I think this would be a band-aid for the real issue, which is that these arrays are all adding some sort of new trait/behavior but the trait is only evident if it is the top level. Similarly, we shouldn't try to make a StaticArray continually wrap other stuff to keep its size information statically known to other function.

Of course, the situation is different if the wrapper actually changes the layout of an array. For example, Diagonal or UpperTriangular.

Tokazama avatar Apr 03 '21 03:04 Tokazama

This is partially true, but in practice it will be very difficult for axis indexing to work correctly through multiple outer wrappers. Axis lookup wrappers like DimArray usually leave the wrapped object as-is, but add axis keys that match it's apparent axes - this is hard to deal with as an internal wrapper, where the outer axes are unkown, and easy to deal with as an external wrapper, where they are known. In this case most methods are just forwarded to the parent array except the axis indexing part.

Being wrapped by other kind of arrays is awkward in comparison. How can a DimArray handle being wrapped by a SubArray? what happens with a lookup object like X(Near(103.6)) (given that it is passed through at all) that returns an index out of bounds for the outer SubArray but not for the inner DimArray? it probably shouldn't be able to index into data outside of the SubArray. But I'm not sure how to do that in a way that scales to multiple wrappers.

In practice it is much easier to aggressively rewrap to the outside - e.g. look at broadcast for NamedDims/DimensionalData/AxisKeys.

I may be mistaken but maybe @mcabbott has experimented with these alternate strategies somewhere? From my own experience with DimensionalData I think that wrappers that do not affect the objects size, shape or values, but do depend on them, always being on the outside is the simplest option.

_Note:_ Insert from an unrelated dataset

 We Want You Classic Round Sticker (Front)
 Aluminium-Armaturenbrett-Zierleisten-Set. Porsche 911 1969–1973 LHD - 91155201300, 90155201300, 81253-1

There is only the caveat of needing some rule for working out what happens when two of these types collides (ie. unwrap DimArray if wrapped with a NamdDimArray - we don't need both).

I would of course be persuaded by a clean working solution that didn't need rewrapping to the outside! but I haven't seen one yet.

Edit: also, for transposes and similar, both ways have their issues, there are definitely some situations where being the outer wrapper is not easier. Traits that notify or changes in axis order and permutation could help here.

rafaqz avatar Apr 03 '21 04:04 rafaqz

Yes I experimented a bit. In fact AxisKeys.jl is one experiment really, at making its wrapper commute with that of NamedDims.jl -- it runs the tests in both orders. But the approach is just to write lots of methods, which is not going to scale well, let alone work for packages which don't know about each other.

It seems hard to know quite what re-wrapping should achieve in general. Broadcasting is easy in that Base defines the scope, likewise views. But making something like padding (from the discourse thread) "work" with array wrappers not designed for it seems messy. Regardless of which ends up on top, what are the rules? When an AxisArray has a StepRange do you extend it? And categorical? What happens to Hermitian or BiDiagonal types? By the time you've answered these, then it seems hard to say the wrapper and the padding don't know about each other anymore. If the shared knowledge lives in some traits package, it seems that this must grow to basically contain all the logic.

mcabbott avatar Apr 03 '21 05:04 mcabbott

Yes there would need to be fairly specific scope. Outside of Base, things like CuArray and DistributedArray (or is is DArray?) are a good example of an array type that should be rewrapped, as they mostly just change the location of the data.

Then, something like a PaddedView changes the array size, which will break the index, but rewrap would still be useful just to keep dimension names - it makes no difference to NamedDims.jl that the size has changed (and yes I have though about extending axis ranges a few times...)

Further in,Transpose etc reorganise the dimension order, which breaks everything unless you handle it. Things are starting to get hard here, but there may be more elegant ways of dealing with transposition generally. Currently we all just add methods manually to handle the axis reordering.

Then there is every other way that shape/size can be altered by a wrapper, that we just can't handle, and shouldn't rewrap.

It seems there is some structure to the situation that we could work with, if it's worth it. We have 1 trait for an array wrapper: resizes_axes. If the axes are permuted, permutes_axes. And if some are added/removed or broken in other ways changes_axes. etc.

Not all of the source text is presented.